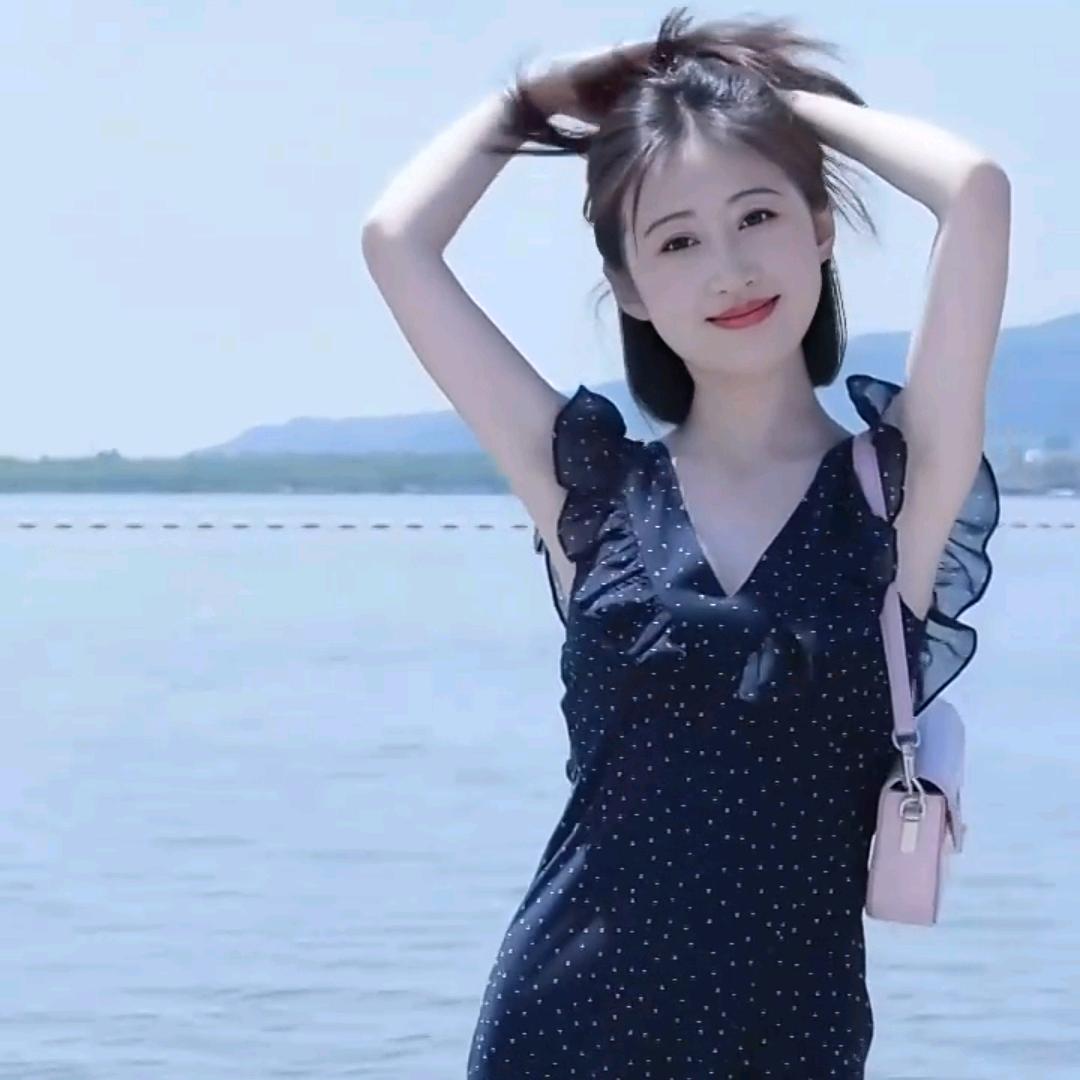 《橙子🍀》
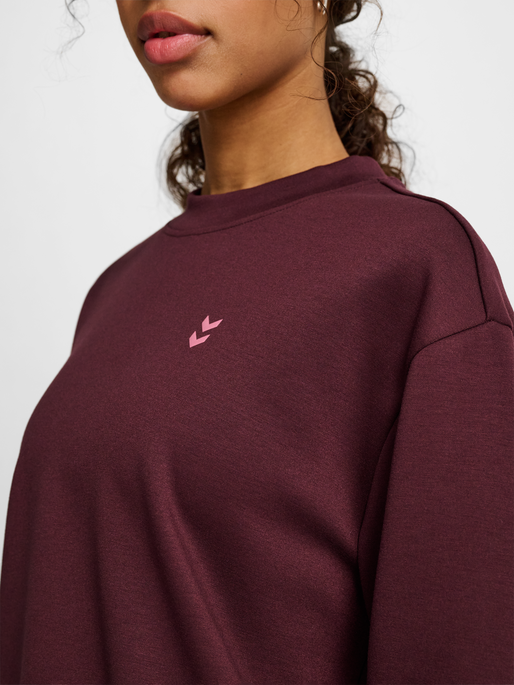 hmlYOGA SOFT W SWEATSHIRT, FUDGE, model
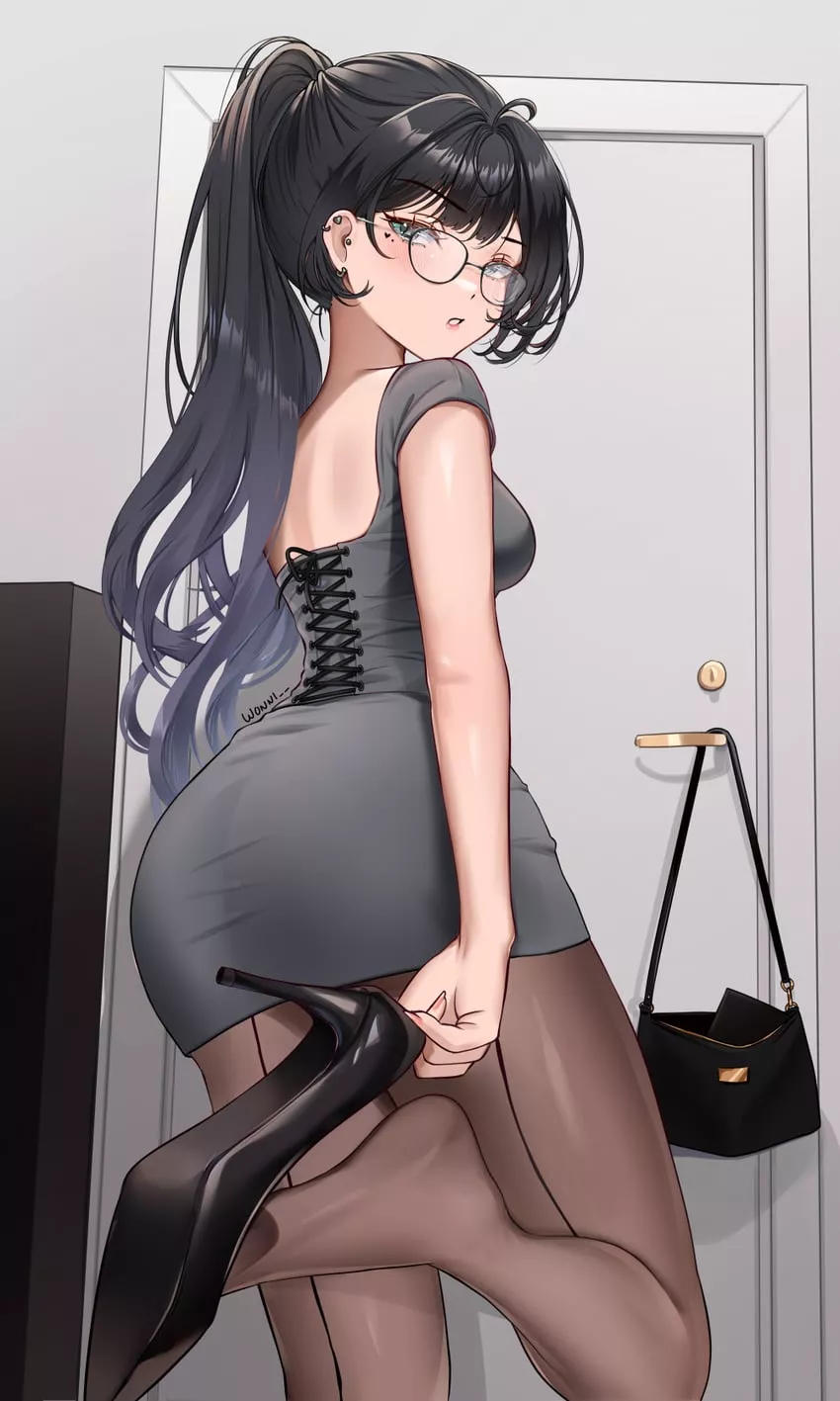 Beautiful Megane Office Lady Getting Ready (by wonni) [Original]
********************
PROMPT:
Retype everything in the material word for word, minus pictures.

SOLUTION FOR THIS EXERCISE:
 《橙子🍀》
 hmlYOGA SOFT W SWEATSHIRT, FUDGE, model
 Beautiful Megane Office Lady Getting Ready (by wonni) [Original]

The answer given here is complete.